Fox never found his rhythm offensively, because he wasn’t his usual aggressive self. When Fox is at his best, he works relentlessly to get into open ice, puts constant pressure on defenses and utilizes on one of the league’s quickest shots.
But on this night, he seemed stagnant. He didn’t move his feet as well as he ordinarily does. At one point, Fox seemed hurt, as he skated to the bench hunched over with what appeared to be a grimace on his face.
He certainly was frustrated as the game progressed. That frustration boiled over in a big way late in the third period, as he vehemently argued a tripping penalty – his third minor penalty of the game – which led to an early trip to the dressing room with a 10-minute misconduct after being given a good bit of leeway from the officials. That left the Otters short-handed for two minutes, and then during a 6-on-4 power play in the closing seconds that included a final faceoff with 4 seconds left.
Fox joins Brendan Gaunce (who took that draw) as the team’s top faceoff guys.
Fox didn’t speak with the media after the game. Instead, he boarded the team bus early. Yet when asked to assess Fox’s late-game outburst, head coach Kris Knoblauch said, “I’m disappointed when anybody on my team loses it like that.”
“Certainly we could have them at the end of the game for that last shift and that last faceoff,” Knoblauch added. “But certainly we have to stay much more composed and focused, because certainly that’s not who we are. This time of the year, obviously emotions run hot.

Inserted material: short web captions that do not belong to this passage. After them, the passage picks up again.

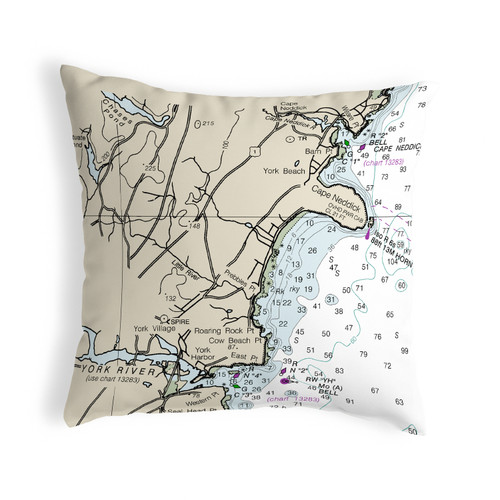 Betsy Drake Cape Neddick, ME Nautical Map Noncorded Indoor/Outdoor Pillow 18x18 Main image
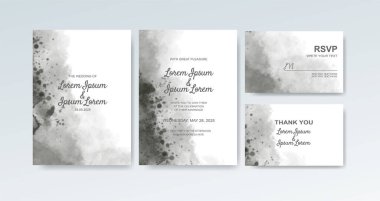 Soyut suluboya arkaplan içeren düğün davetiyesi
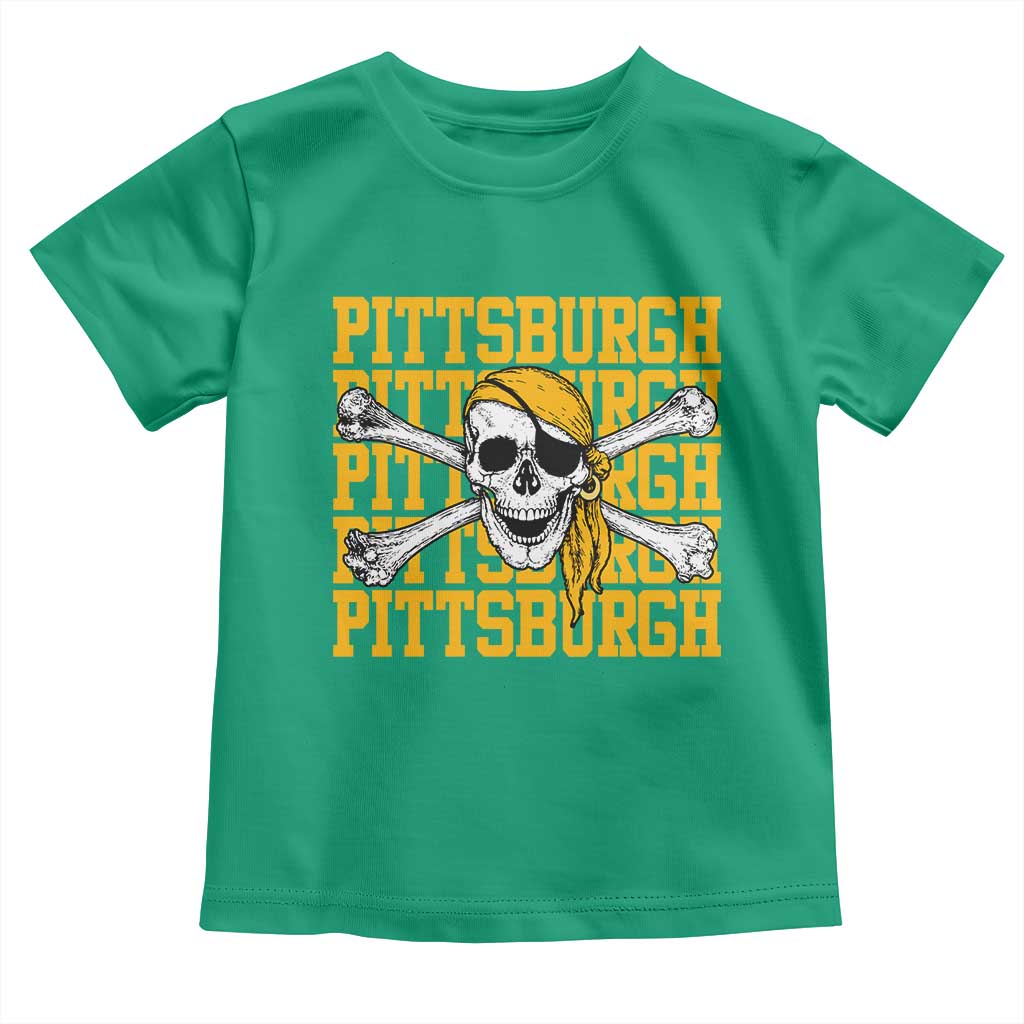 Pittsburgh Lovers Toddler T Shirt Retro Pennsylvania Steel City Pirate Skull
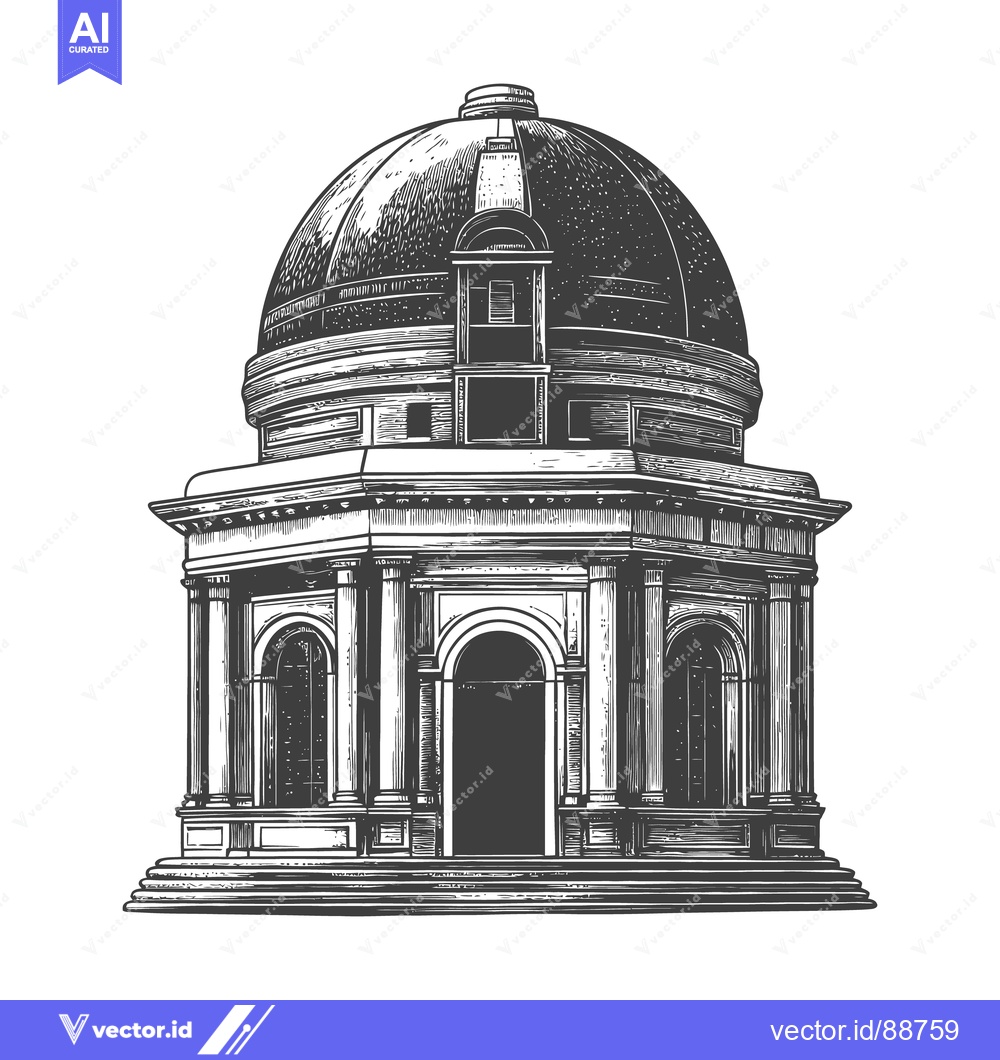 Premium Vector of A detailed illustration of a classical style domed building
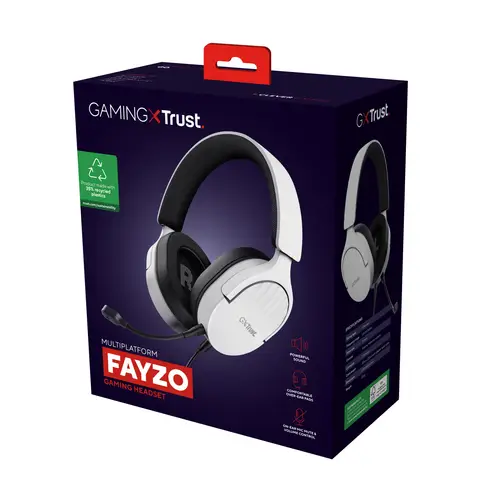 GXT 489W FAYZO Auriculares Alámbrico Diadema Juego Negro, Blanco - Imagen 7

But certainly we have to look forward to our next shift.”
On the bright side, Fox is too good not to bounce back. Expect a much better effort from him in Game 2 Friday night.

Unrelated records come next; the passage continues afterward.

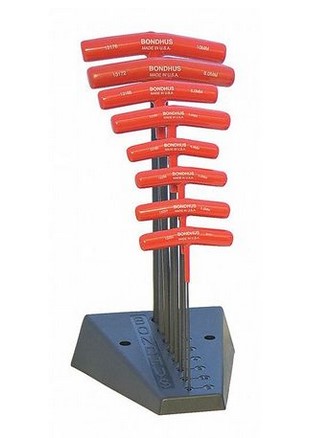 SET 8 BALL END &amp; HEX GRADUATED LENGTH T-HANDLES 2-10MM WITH STAND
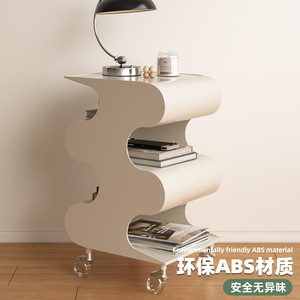 Carrello Portaoggetti in <span class=keywords><strong>Plastica</strong></span> Mobile, Stile Semplice e Creativo, Comodino con Vano Portaoggetti, Tavolino Laterale <span class=keywords><strong>Trasparente</strong></span> Stile Influencer - Product Image 2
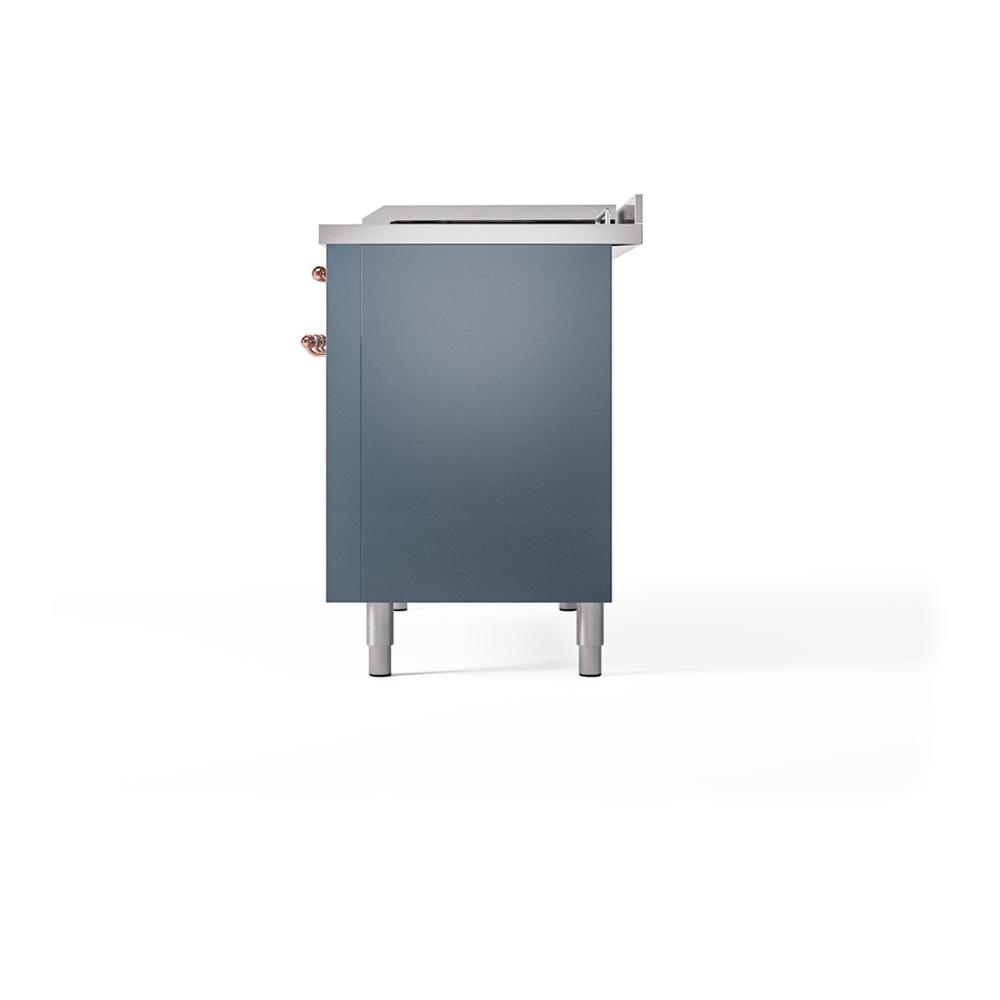 ILVE UN48FSQNMPBGP Nostalgie II Noblesse 48 inch Dual Fuel Range (5 Sealed Burners + Griddle + French Top, Natural Gas, Solid Door, Blue Grey, Copper)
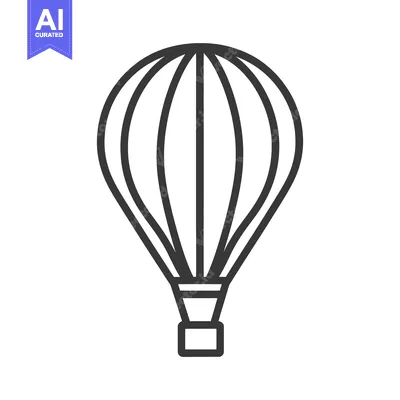 Aset premium populer: A stylized line drawing of a hot air balloon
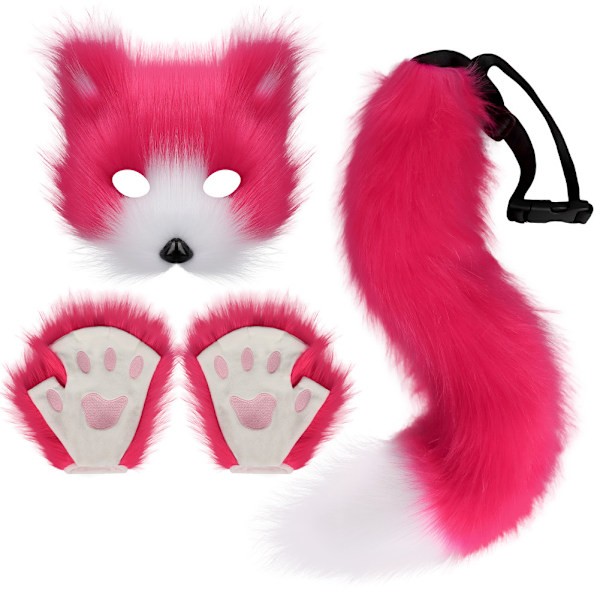 Falsk Pels Ræv Hale Kat Ulv Cosplay Kostume Sæt Blød Maske Fluffy Poter Handsker Halloween Jul Rose red One Size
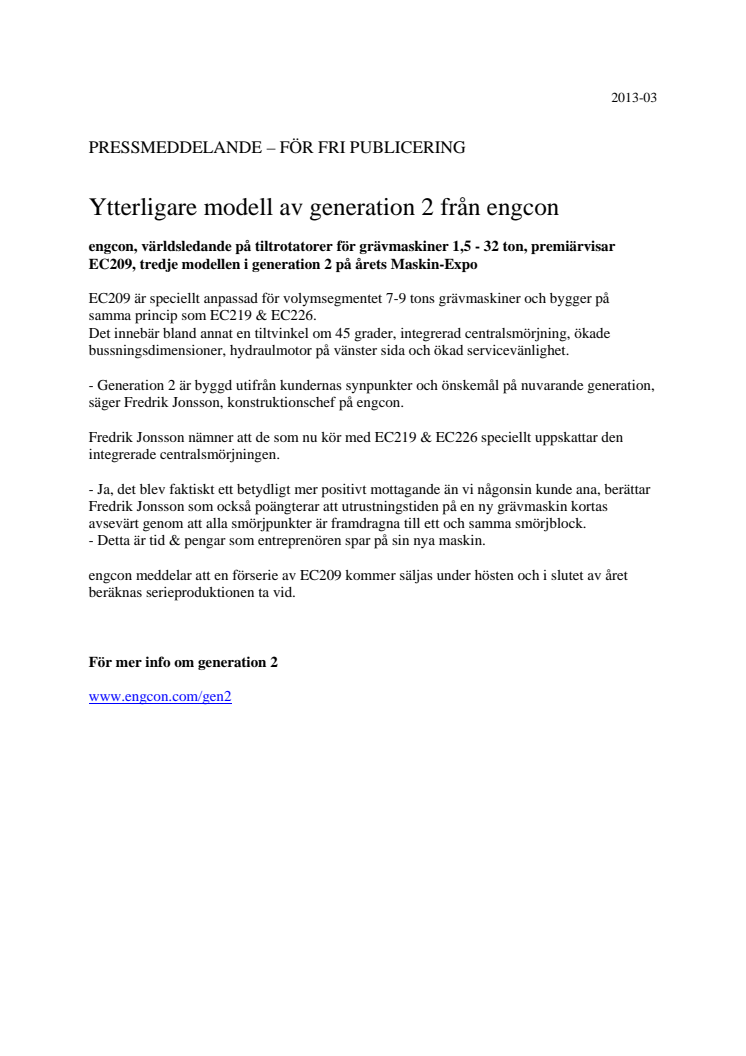 Ytterligare modell av generation 2 från engcon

*** Knoblauch didn’t want to comment on the controversial tripping penalty against Fox. Then he ended up commenting anyway. “I didn’t think that was tripping at the end,” he said. “Fox was trying to lift his stick. (Fox) was on his hands, and (the Storm player) falls down.”
The officiating was consistent for the most part. But that was a tough spot to call a penalty that was borderline at best.
*** Defenses didn’t struggle as much as the 5-4 score would indicate. Both offenses were simply in top form.
There wasn’t a bad goal all night. Instead, there were deflections and redirects, strong finishes on odd-man rushes, 2 or 3 wicked wrist shots (including Connor Brown‘s power-play goal in the first period) and a slap shot from Tyler Bertuzzi that sailed through D Travis Dermott‘s legs and past G Devin Williams.
*** However, the Otters’ D has to step up Friday, because a Storm club that scored 5 goals on 26 shots in Game 1 gets suspended 40-goal scorer Brock McGinn back in the lineup.
*** Speaking of the Storm’s attack, this game showed how dangerous they are. They have more quality scorers beyond frontline guys like McGinn, Scott Kosmachuk, Zack Mitchell and Kerby Rychel. Bertuzzi had 2 goals tonight, while Ryan Horvat scored the GW goal 6 minutes into the third period.
“The other lines have to be able to chip in and take some of the pressure off the guys,” head coach Scott Walker said.